Wednesday, March 09, 2005

Oh, night more lovely than the dawn

From Urban Dharma: The Los Angeles Buddhist Catholic Dialogue, a review of an edition of St. John of the Cross' Dark Night of the Soul:
As the last rites were read to him on his deathbed at the age of 49, John of the Cross, the 16th century poet, mystic, priest and monk, interrupted. Please, he begged, read me "The Song of Solomon."

That such a sensual, luscious poem to love would be the last words John wished to hear is a bittersweet commentary on his life. He was a member of Teresa of Avila's Discalced Carmelite Order--the Barefoot Carmelites--and Teresa's beloved, passionate friend. His finest and most famous poem, "Songs of the Soul," combines the best of each of his vocations. He and Teresa were committed to the reform of the Carmelites, and both of them were caught in the chaos of the Inquisition in Spain.

At 25, John was captured and imprisoned in a closet in a monastery by a community of monks who upheld a Vatican faction's dim view of Teresa's reforms. He was starved and flogged. After nine months of captivity, he escaped by lowering himself out of his cell with a rope made of strips of cloth. He got himself to a Discalced convent and wept as he heard the nuns reciting the Angelus.

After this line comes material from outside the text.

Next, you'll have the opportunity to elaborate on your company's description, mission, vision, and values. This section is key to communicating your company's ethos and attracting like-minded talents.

He wrote "Songs of the Soul" in a state of gratitude and ecstasy.

Reformation is not an easy thing, it appears; something for me to keep in mind. "The Angelus" bell at the convent is rung three times during the day, three times three times each, at 6 a.m., at noon, and at 6 p.m. All recite it privately rather than in chapel together; the bells are beautiful, like the faint sweet voice of the angel Gabriel calling from some other realm, an echo of God's presence both here and in the world to come.

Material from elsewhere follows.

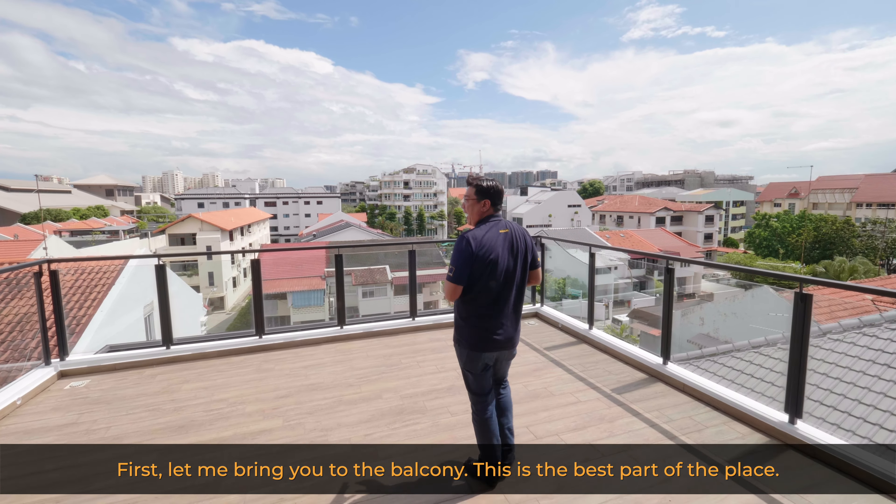Let me bring you to the balcony — this is the best part of the attic. Look at this environment and the unblocked view: it's a 270-degree unblocked edge view. The nice, wide, and spacious balcony can accommodate a variety of outdoor furniture. This is also one of the tallest landed buildings in this estate. It's a short walk to Haig Girls' Primary School and a nearby park where owners walk their dogs or enjoy a jog. Short walk also to Dunman Food Centre, and you have a full city view — Marina Bay Sands is straight ahead to the left. You can even walk to Parkway Parade and the many eateries in this area.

The poem, "Songs of the Soul", which "describes a night in which a soul escapes from her house to join her lover, her creator, in a night of risk, ecstasy and passion" - a dark night in which the soul meets her Beloved:
On a dark night,
Kindled in love with yearnings — oh, happy chance! —
I went forth without being observed,
My house being now at rest.

In darkness and secure,
By the secret ladder, disguised — oh, happy chance! —
In darkness and in concealment,
My house being now at rest.

In the happy night,
In secret, when none saw me,
Nor I beheld aught,
Without light or guide, save that which burned in my heart.

This light guided me
More surely than the light of noonday
To the place where he (well I knew who!) was awaiting me —
A place where none appeared.

Oh, night that guided me,
Oh, night more lovely than the dawn,
Oh, night that joined Beloved with lover,
Lover transformed in the Beloved!

Upon my flowery breast,
Kept wholly for himself alone,
There he stayed sleeping, and I caressed him,
And the fanning of the cedars made a breeze.

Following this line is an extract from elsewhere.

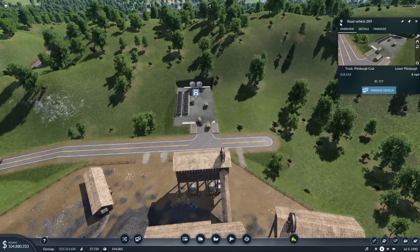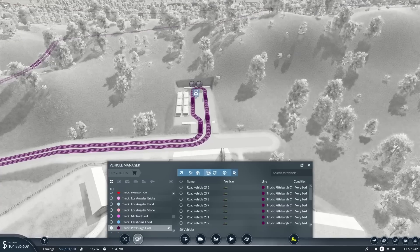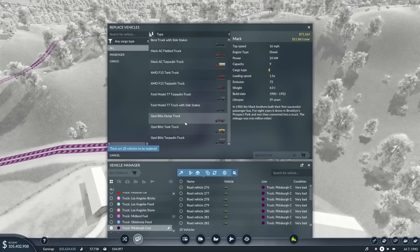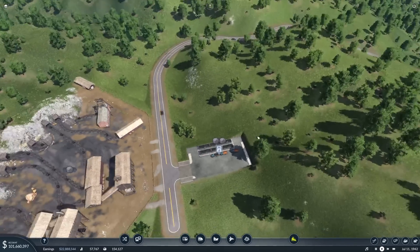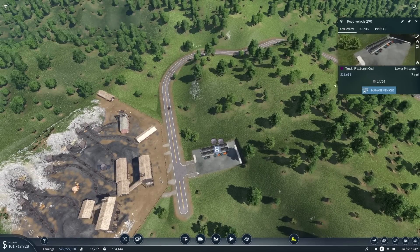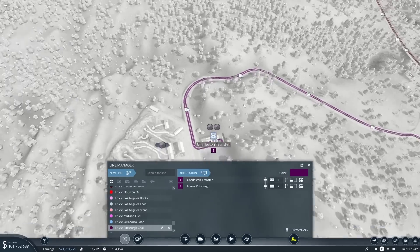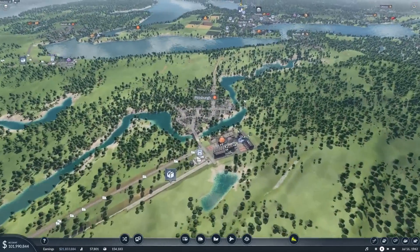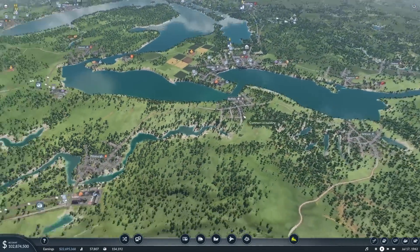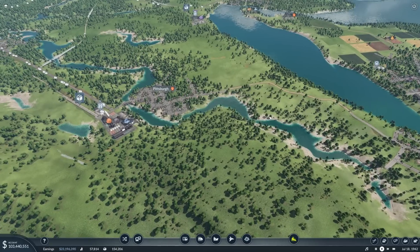We're going to change this into - what trucks have we got available? We'll change it into a dump truck - you're for coal aren't you, and I don't think you carry anything else. Take as much coal as you can please. Is it just the two? Yeah, it's just the two - absolutely fine. So that's going to produce a little bit more coal and get it to Pittsburgh so that it can produce more steel.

The breeze blew from the turret
As I parted his locks;
With his gentle hand he wounded my neck
And caused all my senses to be suspended.

I remained, lost in oblivion;
My face I reclined on the Beloved.
All ceased and I abandoned myself,
Leaving my cares forgotten among the lilies.

I went to mass today; I wanted to taste that sweetness again. I heard more during the sermon about "unity," and gritted my teeth, and promised I would do what the Beloved requires. I do not know what that is.